Slut Fits
Slut Fits
©2013 Ross Williams
About a year
ago we were presented with Reason #619 why 15 minutes of fame for some is 16 months
too many. Some strumpet named Sandra
Fluke – a nobody women’s issues “activist” with a compulsion for public
exposure – was invited to testify in front of a House committee on an upcoming
bill to exempt religious employers from having to provide insurance which
covers, under the Obamacare Borg, free birth control. She was asked by the Democrats on the
committee to explain why they should not
be exempted ... during the slot set up for religious organizations to testify
as to why they should.
She regaled
those Democrats – the Republicans left the room – with a dog’s vomit of new
age-y buzzwords and sentimentalist foppery.

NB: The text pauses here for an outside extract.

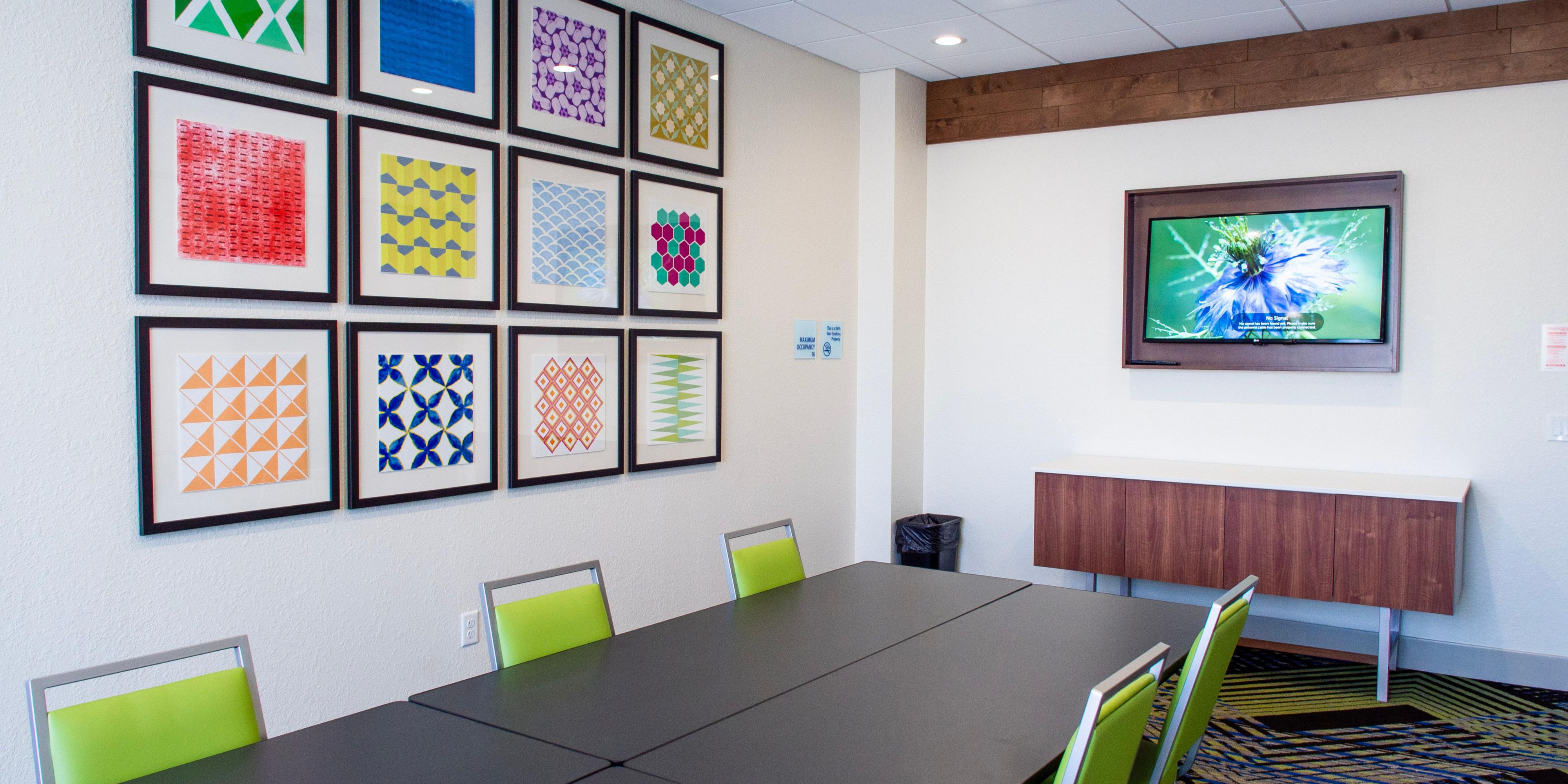 Holiday Inn OKC Airport hotel boasts a 900 sq ft event room known as the Boomer Room, which accommodates up to 60 guests. We also offer a 12-seat conference room known as the Cowboy Boardroom. Call to book your event!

From a practical standpoint, her testimony boiled down to:
1] she’s among the millions of young, fertile, sexually active women in the US who
1] she’s among the millions of young, fertile, sexually active women in the US who
2] doesn’t
want to get pregnant, and therefore
3] needs
birth control, but
4] isn’t
earning enough to purchase birth control herself and still pay her iphone bill, and thus
5] wants the
insurance company to completely pay for birth control for her: fair’s fair.
To reduce
even this nutshelling of her twaddle
into a bumper sticker, she essentially declared, “I wanna fuck without consequences;
you need to gimme”.
I completely
understand her position on this. I mean,
who doesn’t wanna fuck without
consequences? Not only do I understand
her position, but I also understand the nature of her argument. Everyone of a certain immature age, and
sometimes well beyond if they’ve been “enabled” away from the real world long enough,
can provide a ready litany of rationalizations why he should be given what he
wants and why it’s others’ responsibility to foot whatever bill there may be.
These responsible
others are, if the birth controlee has employer-provided group insurance, the
birth controlee’s co-workers and employer, for they are the ones coughing up
the money to provide an individual something at zero cost to that individual;
if the birth controlee is among the nation’s 15% working uninsured that
Obamacare was designed to cover at taxpayer expense, then those others are the
taxpayers. Sandra Fluke wanted
taxpayer-provided consequence-free fucks.
But while I
understand where she’s coming from, I find it financially injurious to be
forced to provide a woman her birth control if said woman isn’t my wife or
daughter. And unless she’s my daughter,
to be forced to provide it without the fringe benefit of sharing a
consequence-free fuck for as long as my providence is coerced is to add insult
to the injury. I am no more above
advocating for my own selfish self-interest than Fluke is, nor of giving a less
inherently offensive justification for it in the process: I’ve seen pictures of
Fluke and she’s definitely fuckable, so if she wants others to underwrite her
consequence-free fucking she needs to make it worth our while. Fair’s fair.
The “I
wanna” is perfectly understandable as basic, crude, garden-variety
self-interest. The “it’s your obligation
to gimme” is also understandable as the self-involved thought process inherent
to any teenager. Anyone who currently
has teenagers, remembers having teenagers, or honestly recalls their own
attitudes when they passed through the age themselves knows this. So personally I’m fine with her issuing an
intellectually offensive argument, fraught with stilted, self-indulgent emotion.
But the
personal is not, and never has been, political.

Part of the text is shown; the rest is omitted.